Verkiezingen Irak zullen geen grote verschuiving brengen
Irak kiest zondag een nieuw parlement. De machtsverhoudingen zullen naar verwachting niet wezenlijk veranderen. De grootste uitdaging is vooralsnog mensen naar de stembus te krijgen.
Het zijn alweer de vijfde parlementsverkiezingen in Irak sinds de Amerikaanse invasie van 2003. De eerste keer voelde dat voor de Iraakse burgers nog als een regelrechte bevrijding. Dictator Saddam Hussein was van het toneel verdwenen en het sjiitische volksdeel kon eindelijk haar getalsmatige meerderheid politiek verzilveren.
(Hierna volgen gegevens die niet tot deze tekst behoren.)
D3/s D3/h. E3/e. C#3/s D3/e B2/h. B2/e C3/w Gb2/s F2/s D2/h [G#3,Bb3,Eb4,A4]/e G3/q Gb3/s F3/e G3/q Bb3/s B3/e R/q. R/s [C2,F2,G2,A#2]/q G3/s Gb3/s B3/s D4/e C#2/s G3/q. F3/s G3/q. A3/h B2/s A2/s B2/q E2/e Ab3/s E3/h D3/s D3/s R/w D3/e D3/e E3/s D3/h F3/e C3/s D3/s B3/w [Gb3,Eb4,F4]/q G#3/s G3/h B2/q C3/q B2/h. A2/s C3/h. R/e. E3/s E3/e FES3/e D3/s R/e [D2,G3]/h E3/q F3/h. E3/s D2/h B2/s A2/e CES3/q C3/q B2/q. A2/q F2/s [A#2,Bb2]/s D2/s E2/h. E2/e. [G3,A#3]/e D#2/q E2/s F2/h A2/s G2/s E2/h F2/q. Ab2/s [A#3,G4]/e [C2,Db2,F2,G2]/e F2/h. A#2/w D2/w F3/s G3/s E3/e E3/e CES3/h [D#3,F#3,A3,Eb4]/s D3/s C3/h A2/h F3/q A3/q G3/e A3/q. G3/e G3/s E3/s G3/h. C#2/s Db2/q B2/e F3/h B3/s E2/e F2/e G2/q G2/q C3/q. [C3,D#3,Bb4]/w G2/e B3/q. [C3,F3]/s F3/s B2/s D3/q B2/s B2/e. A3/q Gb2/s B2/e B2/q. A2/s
Anno 2021 is er van dat optimisme niet veel meer over. Politieke invloed in het Tweestromenland bestaat vooral bij de gratie van geld en wapens. Etnische en religieuze scheidslijnen treden meer dan ooit aan het licht en de verschillende politieke partijen spelen daar ook met verve op in.
Dwars door alle tegenstellingen heen vertoont zich het veelkoppige monster van corruptie. Van het leger tot het zakenleven en de ministeries: alles lijkt van steekpenningen aan elkaar te hangen.
Omkooppraktijken doen zich ook voor in de aanloop naar de verkiezingen. Inwoners van Bagdad vertelden deze week aan buitenlandse media dat medewerkers van politieke partijen in sommige wijken langs de deur gaan om stemmen te kopen. Voor de gemiddelde Irakees is een beloning van 300 harde Amerikaanse dollars een nauwelijks te weerstane verleiding. In sommige stadsdelen waar zich de rijkere klasse bevindt, wordt zelfs het drievoudige geboden.
Het was precies die wijdverbreide corruptie die in 2019 honderdduizenden –vooral jonge– Irakezen op de been bracht om te demonstreren tegen vriendjespolitiek, hoge voedsel- en brandstofprijzen en belabberd functionerende overheidsdiensten.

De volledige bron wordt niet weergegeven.